Once you find the line with "a 1993 Renault" in the entries below, print it and each line after it up to and including the line with "It has the #21, the", exactly, without pictures.

**INPUT RECORDS**
*****

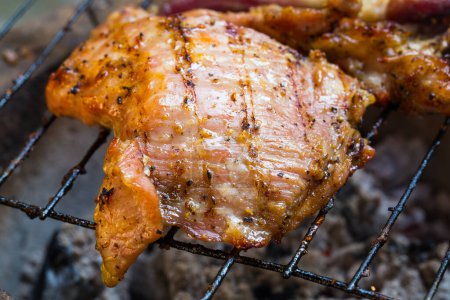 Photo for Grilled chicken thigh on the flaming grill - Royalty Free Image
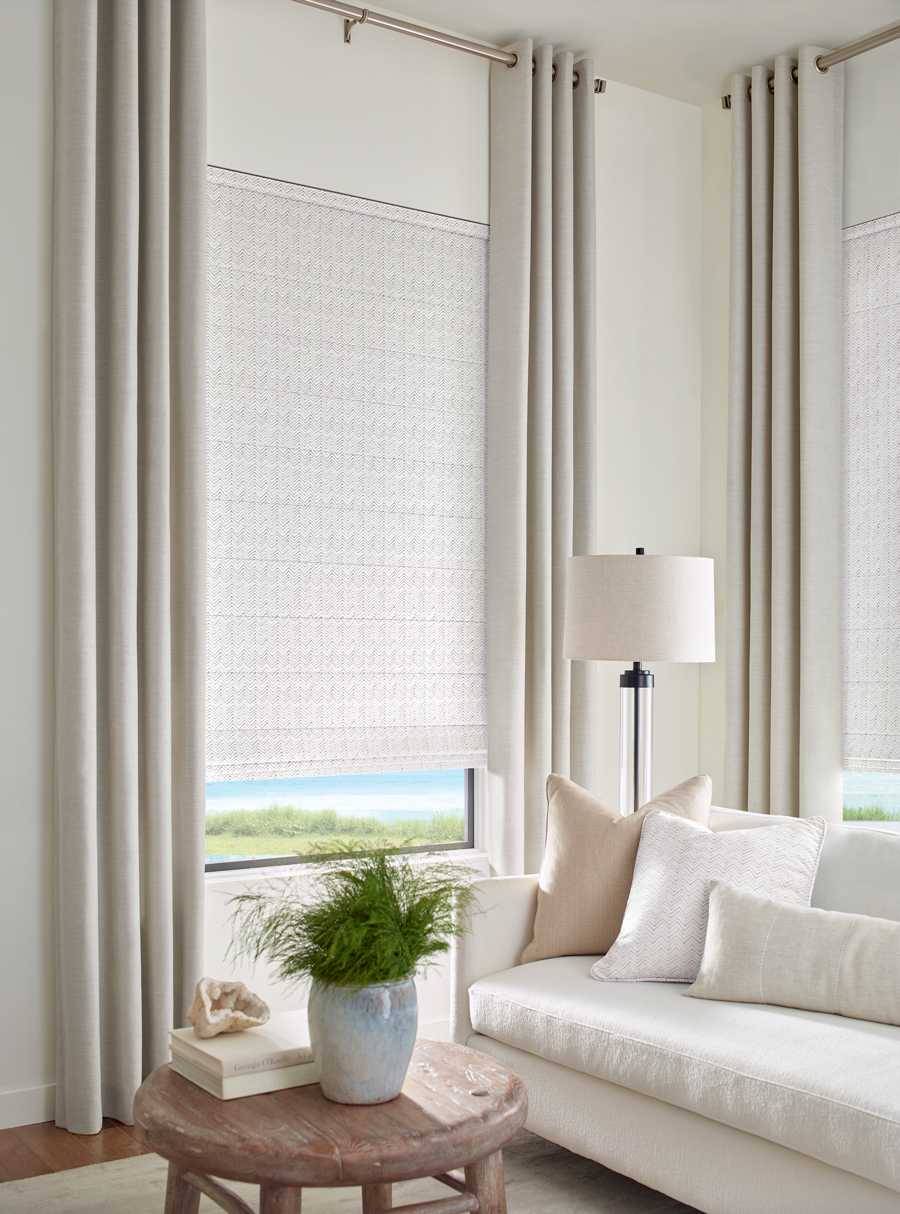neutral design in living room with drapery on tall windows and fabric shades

*****

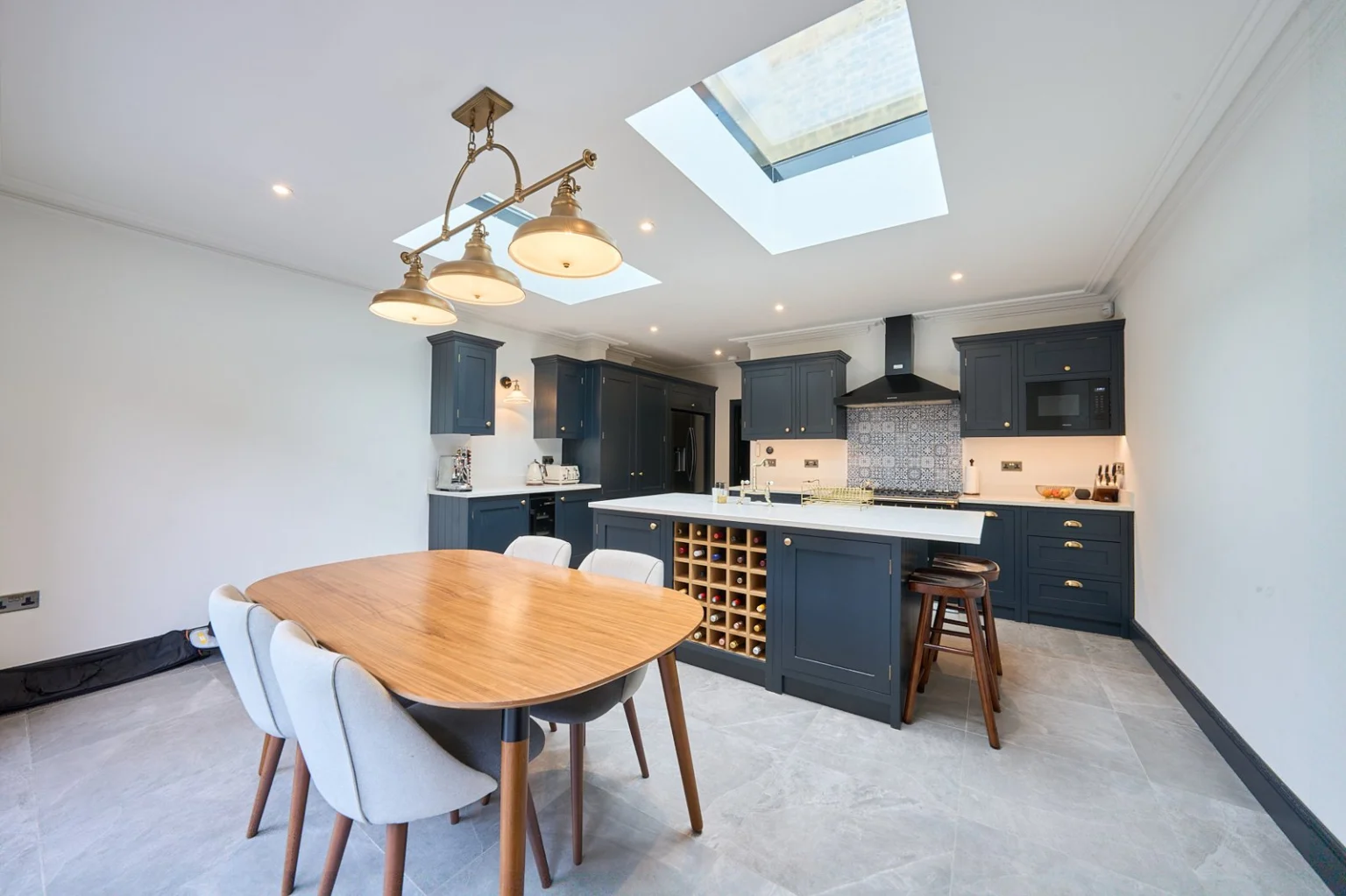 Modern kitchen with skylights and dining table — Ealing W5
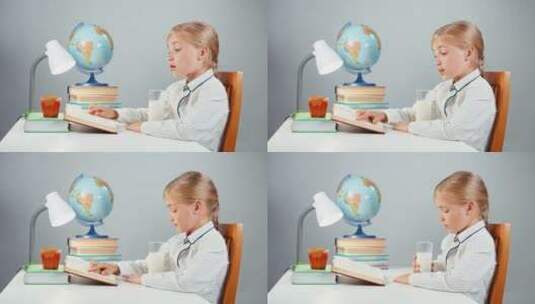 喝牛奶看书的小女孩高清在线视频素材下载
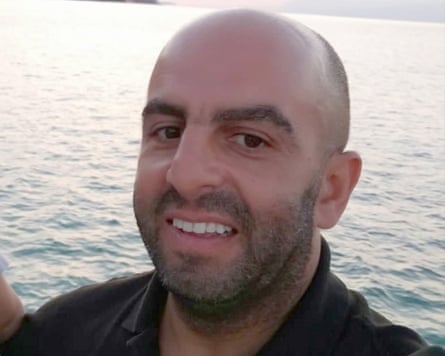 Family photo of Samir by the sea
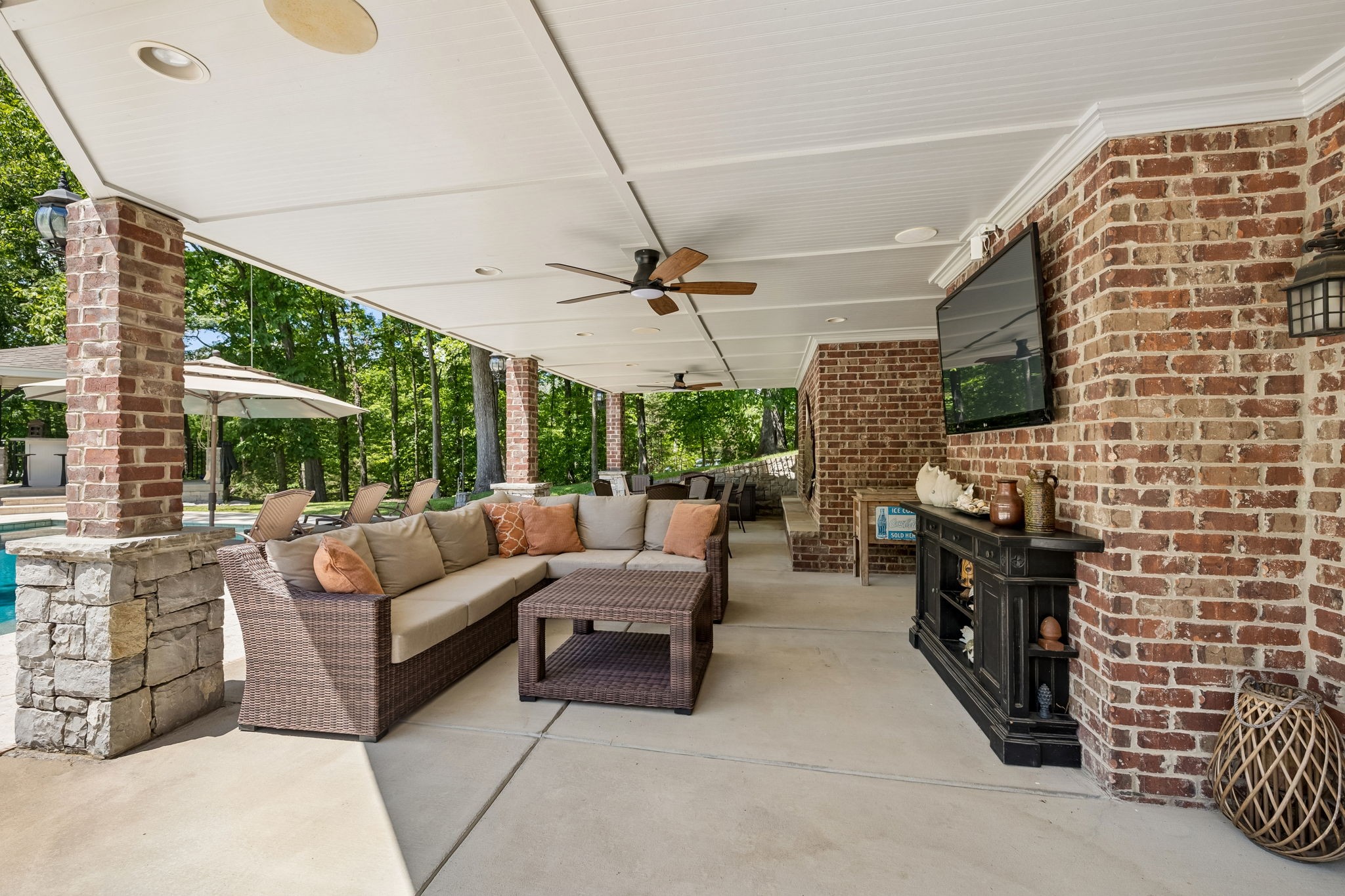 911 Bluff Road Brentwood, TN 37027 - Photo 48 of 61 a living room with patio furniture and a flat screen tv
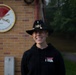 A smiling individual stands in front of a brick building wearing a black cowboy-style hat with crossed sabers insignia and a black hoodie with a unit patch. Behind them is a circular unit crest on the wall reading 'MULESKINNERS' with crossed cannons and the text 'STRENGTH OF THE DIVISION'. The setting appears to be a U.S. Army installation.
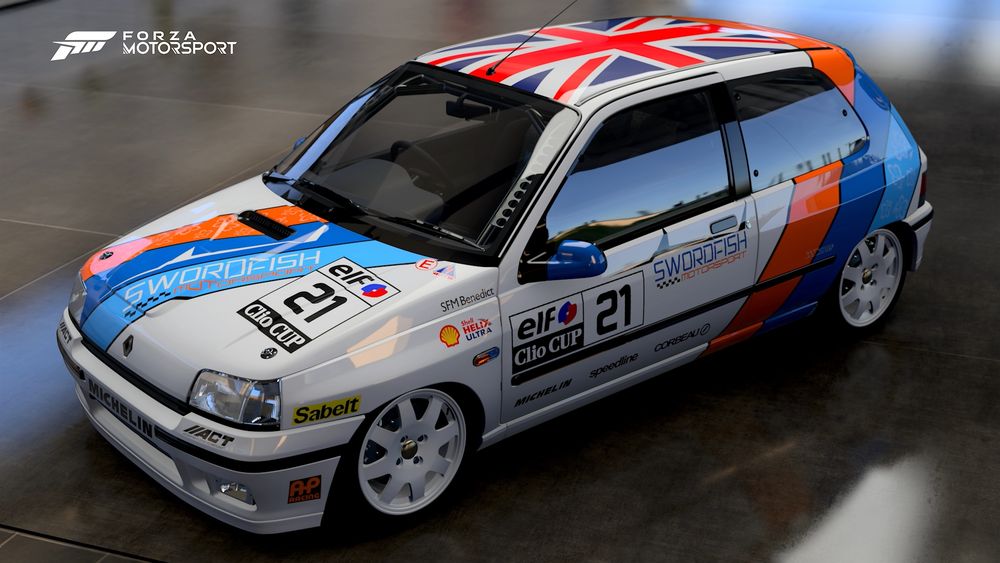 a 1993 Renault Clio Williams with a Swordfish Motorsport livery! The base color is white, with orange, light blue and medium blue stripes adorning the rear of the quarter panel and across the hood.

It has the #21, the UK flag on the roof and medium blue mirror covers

*****

**ANSWER SECTION**
 a 1993 Renault Clio Williams with a Swordfish Motorsport livery! The base color is white, with orange, light blue and medium blue stripes adorning the rear of the quarter panel and across the hood.

It has the #21, the UK flag on the roof and medium blue mirror covers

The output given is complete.